Потребность повышенной духовности привела искусство Комиссаржевской к символизму. Она легко восприняла его сложную систему сопоставлений, метафоричность мышления, эзотерический язык. Она и в жизни, обращаясь с друзьями, прибегала к языку «для посвященных». В письмах ее часто встречается условная терминология, понятная лишь двоим. Комиссаржевская со свойственным ей максимализмом признала мистическое, подсознательное подлинным источником искусства. С характерной для нее торопливостью она стремилась как можно скорее стать верной и последовательной символисткой.
{141} Новое направление театра требовало абсолютной погруженности в мир «творимой легенды». Эта мечта давала иллюзию освобождения от собственного бессилия. Подобное искусство могло сравниться только с религией. О. Мандельштам писал о новом помещении театра на Офицерской: «Деревянный амфитеатр, белые стены, серые сукна — чисто, как на яхте, и голо, как в лютеранской кирке». Художник Л. С. Бакст создал занавес, изображавший элизиум — светлые души потустороннего мира меж зеленых кущ и колонн античного храма.

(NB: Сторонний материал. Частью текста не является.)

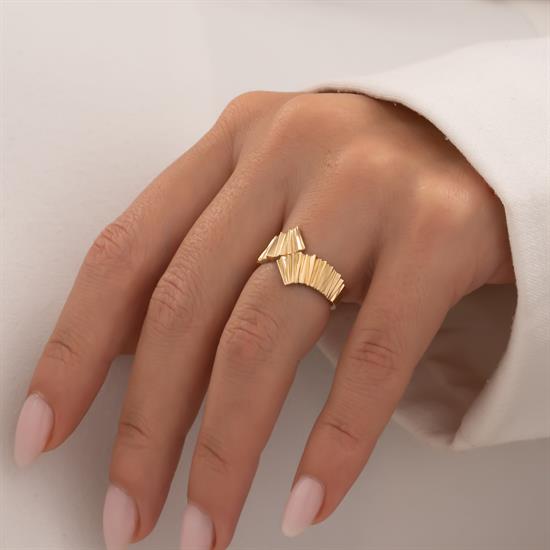 Taşsız Tasarım 14 Ayar Altın Yüzük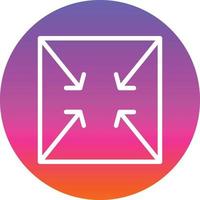 Compress Arrows Alt Vector Icon Design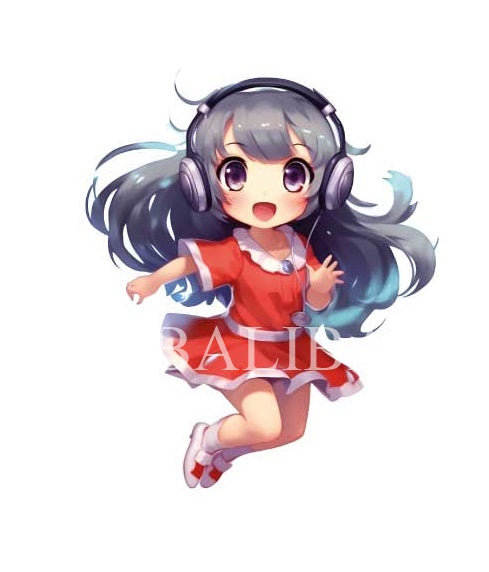 Motiv " ANIME GIRL HEADPHONES " ArtNr.: QU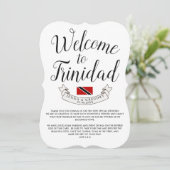 Welkom in Trinidad | Trouwcadeau Kaart (Staand voorkant)
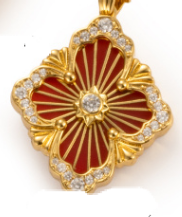 [Marin-Jewelry] B.C.L BIG SIZE  ENAMEL NECKLACE£¨Various colors£©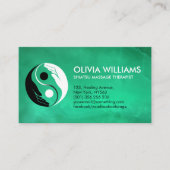 Yin Yang-Symbol-Heilung Visitenkarte (Vorderseite)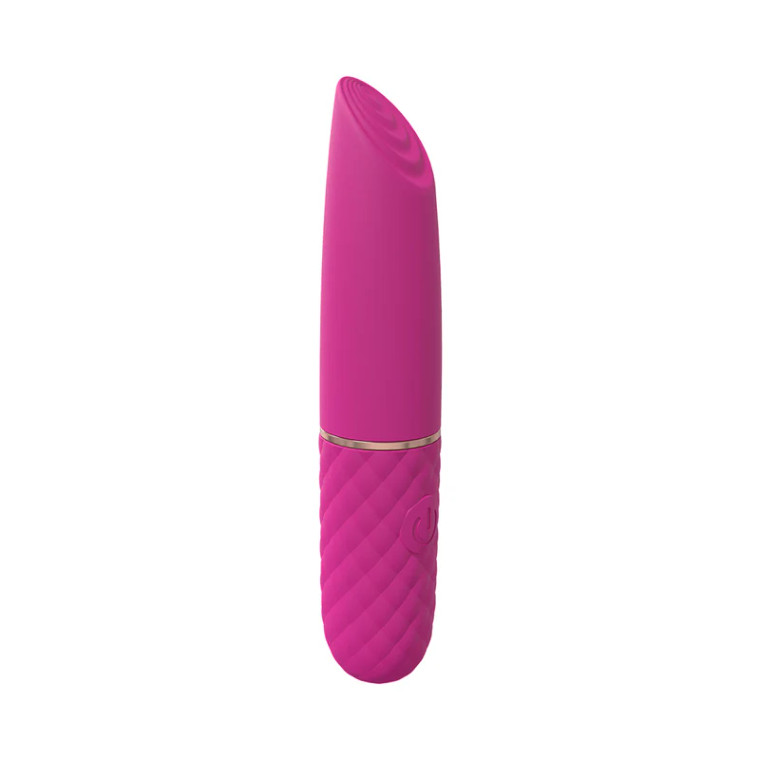 LoveLine Beso 10 Speed Vibrating Mini-Lipstick Vibe, Pink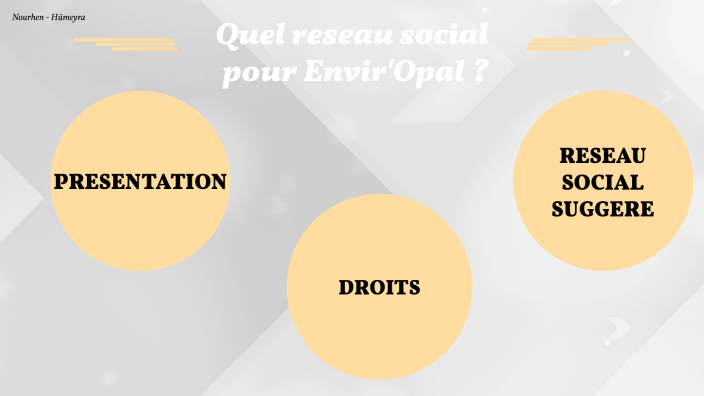 Présentation sur l'usage des réseaux sociaux by N N on Prezi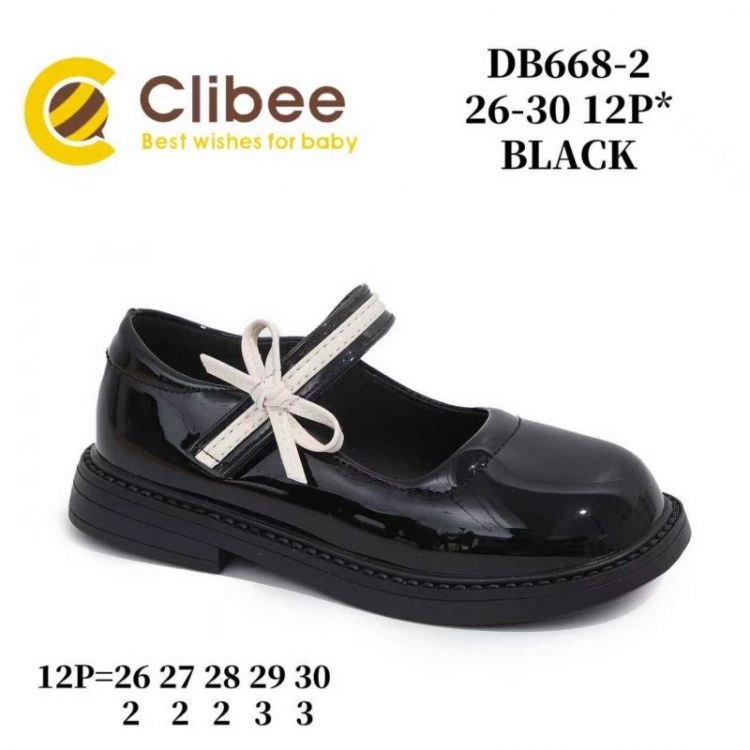 Купить Туфли Clibee AMB-DB668-2 black на obuv-plus.com.ua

Сколько друзей, знакомых и просто зрителей тревожились и хлопотали вокруг нового начинания Комиссаржевской! Они видели в Мейерхольде демона-искусителя, который погубит бедную, заблудшую актрису. Сколько друзей и знакомых будут торжествовать год спустя, считая свои предсказания сбывшимися! Может быть, они были правы? Может быть, и в самом деле в минуты кризиса, когда столкнувшиеся противоречия затрудняют выбор решения, должен торжествовать «здравый смысл»? Для Комиссаржевской такого выхода не существовало. Она знала, что для нее старая система театра исчерпана, и решила погибнуть, но искать, в душе надеясь на победу. Объяснить свой поступок логически, на большой аудитории она не умела. Поэтому, когда на одном из первых собраний труппы возник спор между Мейерхольдом и Арбатовым о творческих планах сезона, Комиссаржевская, поддерживая нового режиссера, сказала: «Я так хочу!» Это звучало не очень убедительно для Арбатова, который в прошлом году был полновластным режиссером в театре. Всю весну он был занят набором будущей труппы, перестройкой театра, хозяйственными делами. Без тени колебания подписал он договор на новый сезон. (Договор оформили 8 октября 1906 года, хотя составлен он был 25 мая). И вдруг оказался не у дел. Вокруг него собрались актеры, недовольные переменами. В газетах появились тревожные заметки о расколе в театре Комиссаржевской. Арбатова отстраняют от постановки пьесы С. Юшкевича «В городе». Ф. Ф. Комиссаржевский ждет его объяснений, так как не видит в нем сочувствия к делу. Некоторое время спустя, чувствуя сопротивление Арбатова, Комиссаржевская объявляет ему: «Считать Вас в числе сотрудников того дела, в которое я вложила свою душу, — я не могу».